**What to produce:** Should the listing contain images, exclude them; give the rest again exactly.

**Available data:**

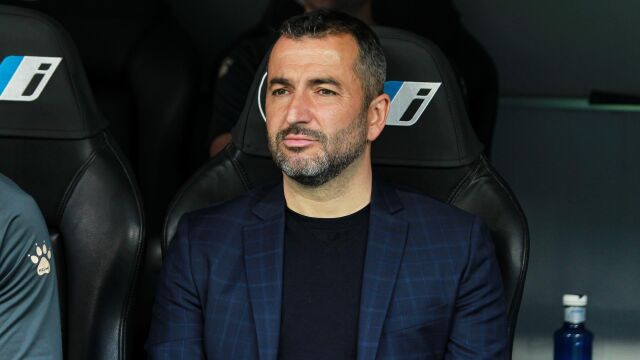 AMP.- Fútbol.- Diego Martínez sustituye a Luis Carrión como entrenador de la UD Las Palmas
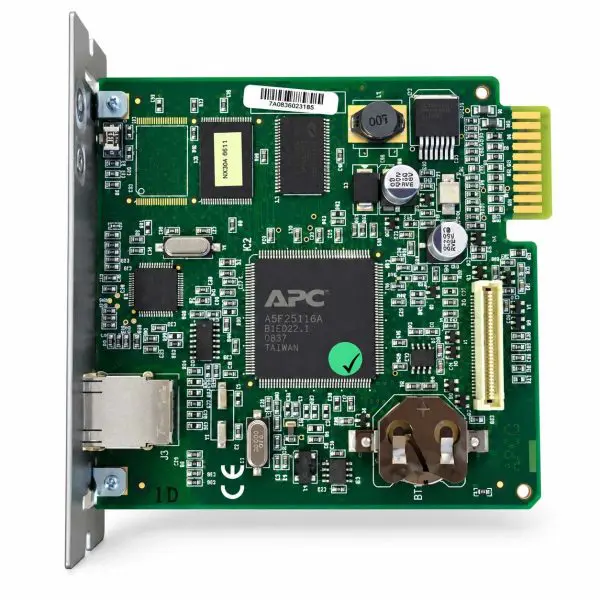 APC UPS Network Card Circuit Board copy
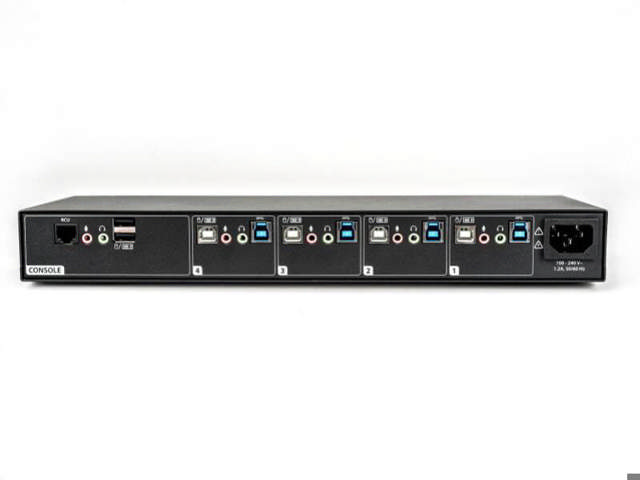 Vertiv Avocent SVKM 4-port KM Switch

**Response to the exercise:**
 AMP.- Fútbol.- Diego Martínez sustituye a Luis Carrión como entrenador de la UD Las Palmas
 APC UPS Network Card Circuit Board copy
 Vertiv Avocent SVKM 4-port KM Switch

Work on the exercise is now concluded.